→ EXERCISE INSTRUCTIONS:
Every record needs to be set down again without a single difference.

** SUPPLIED MATERIAL follows **

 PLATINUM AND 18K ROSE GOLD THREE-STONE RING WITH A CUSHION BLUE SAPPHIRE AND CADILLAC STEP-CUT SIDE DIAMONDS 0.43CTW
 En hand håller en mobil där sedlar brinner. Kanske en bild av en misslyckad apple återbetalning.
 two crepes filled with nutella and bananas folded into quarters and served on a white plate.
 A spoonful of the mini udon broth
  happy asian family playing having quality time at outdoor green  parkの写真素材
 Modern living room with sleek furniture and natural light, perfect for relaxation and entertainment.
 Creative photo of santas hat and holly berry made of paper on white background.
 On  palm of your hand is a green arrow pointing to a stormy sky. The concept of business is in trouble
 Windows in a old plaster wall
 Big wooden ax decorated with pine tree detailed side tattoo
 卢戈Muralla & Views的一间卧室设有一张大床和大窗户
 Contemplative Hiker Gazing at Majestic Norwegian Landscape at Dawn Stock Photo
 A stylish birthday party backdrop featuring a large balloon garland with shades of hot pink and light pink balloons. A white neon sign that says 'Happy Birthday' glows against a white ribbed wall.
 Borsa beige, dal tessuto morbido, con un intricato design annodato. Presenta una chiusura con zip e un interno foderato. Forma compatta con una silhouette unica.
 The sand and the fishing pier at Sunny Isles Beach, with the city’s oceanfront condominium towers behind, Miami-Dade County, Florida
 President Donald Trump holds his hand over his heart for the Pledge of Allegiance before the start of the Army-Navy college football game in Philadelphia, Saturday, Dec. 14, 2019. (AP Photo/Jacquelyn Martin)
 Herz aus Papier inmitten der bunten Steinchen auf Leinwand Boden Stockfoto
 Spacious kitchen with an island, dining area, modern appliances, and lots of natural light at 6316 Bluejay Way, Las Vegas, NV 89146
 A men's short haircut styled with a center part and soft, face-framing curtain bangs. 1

** End of SUPPLIED MATERIAL **

→ REPLY:
 PLATINUM AND 18K ROSE GOLD THREE-STONE RING WITH A CUSHION BLUE SAPPHIRE AND CADILLAC STEP-CUT SIDE DIAMONDS 0.43CTW
 En hand håller en mobil där sedlar brinner. Kanske en bild av en misslyckad apple återbetalning.
 two crepes filled with nutella and bananas folded into quarters and served on a white plate.
 A spoonful of the mini udon broth
  happy asian family playing having quality time at outdoor green  parkの写真素材
 Modern living room with sleek furniture and natural light, perfect for relaxation and entertainment.
 Creative photo of santas hat and holly berry made of paper on white background.
 On  palm of your hand is a green arrow pointing to a stormy sky. The concept of business is in trouble
 Windows in a old plaster wall
 Big wooden ax decorated with pine tree detailed side tattoo
 卢戈Muralla & Views的一间卧室设有一张大床和大窗户
 Contemplative Hiker Gazing at Majestic Norwegian Landscape at Dawn Stock Photo
 A stylish birthday party backdrop featuring a large balloon garland with shades of hot pink and light pink balloons. A white neon sign that says 'Happy Birthday' glows against a white ribbed wall.
 Borsa beige, dal tessuto morbido, con un intricato design annodato. Presenta una chiusura con zip e un interno foderato. Forma compatta con una silhouette unica.
 The sand and the fishing pier at Sunny Isles Beach, with the city’s oceanfront condominium towers behind, Miami-Dade County, Florida
 President Donald Trump holds his hand over his heart for the Pledge of Allegiance before the start of the Army-Navy college football game in Philadelphia, Saturday, Dec. 14, 2019. (AP Photo/Jacquelyn Martin)
 Herz aus Papier inmitten der bunten Steinchen auf Leinwand Boden Stockfoto
 Spacious kitchen with an island, dining area, modern appliances, and lots of natural light at 6316 Bluejay Way, Las Vegas, NV 89146
 A men's short haircut styled with a center part and soft, face-framing curtain bangs. 1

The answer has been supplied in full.